Make a textile out of fabric and thread scraps

A rainbow scrap textile in progress

As far back as I can remember, I’ve been creatively inspired to make things out of scraps. When I work on hand-stitched fabric projects, I often have several going at one time which means I switch thread colors often. Although there are many needles in my sewing tool stash, I have two or three that are my consistent favorites. Re-threading needles is easy for me since I do it constantly, but it’s a task that still takes time and care and I don’t enjoy doing it more often than necessary. Once I have a needle threaded, I want to use the color all up until the thread is too short to be of any use, even to me!

If I don’t have a project in progress at hand that can use odds and ends of threads, I will often sew semi-random scraps of fabric to scrap pieces of backing fabric to run off the extra thread so that I can quickly switch back to sewing with one of my favorite needles. Over time, I periodically accumulate enough of this new “textile” to make something else with it. Since these types of scrap textiles have a lot of raw edges in them, I won’t use them in something that gets a lot of wear or has to be washed because they would not survive for long. Even with that restriction, I have found good uses for the scrap textiles. Here are some examples!

Holiday ornaments
Christmas stockings
Throw pillows
Parts for art quilts

What will my rainbow piece turn into? I’m not sure, but I have some crazy images in my head involving that piece and some pale yellow, lime green, and electric blue tulle. What will happen?

Art show opening this past Saturday

Today I am Dazzle Yellow and I have a lot to say!
“Today I am Dazzle Yellow and I have a lot to say!”

I appear to be in-between crises today so I’ll take a moment to write a little about art!
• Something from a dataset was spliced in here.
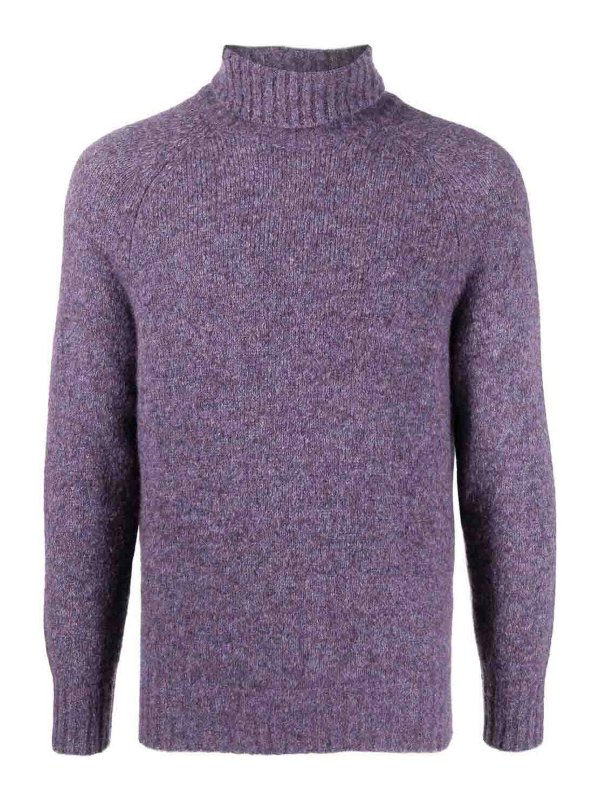 BRUNELLO CUCINELLI: タートルネック - タートルネック/ポロネック - ライトグレー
This past Saturday, October 1, 2022, was the opening reception for the Art Saint Louis show, “Declaration”. Above is my contribution to the show. It’s made of found papers, paint sample cards and image transfers from found papers made with packing tape. My artist statement reads as follows:

“When I started, I was inspired by some found images of rug designs from a catalog combined with some of my own mini postage stamp inspired collages juxtaposed with paint sample cards in tints of yellow. I work part time in a hardware store where exciting possibilities are everywhere. Bright paint sample cards, caution signs and caution tape and anything in the store that is colorful are parts of life I greatly enjoy. One of the colors on the sample cards was named Dazzle Yellow. I made some image transfers on packing tape out of sign images from a catalog and pieces of found papers that incorporate yellow, basically making my own version of caution tape. The purpose of such a bright yellow is to get attention. Once you have it, how do you use it? Yellow could mean stop and be careful, stop and enjoy, or “Look at me, I’m full of possibilities today!”

This was not an easy art show to look at, because as you might expect, a show with the theme “Declaration” is heavy on political themes. I had my share of political ideas for art pieces I considered making for this show but I decided to go in a different direction – I desperately need a break from politics and I figured art show patrons might like a little break as well! Whatever the subject matter, it’s always an honor to exhibit among a group of artists as talented as these.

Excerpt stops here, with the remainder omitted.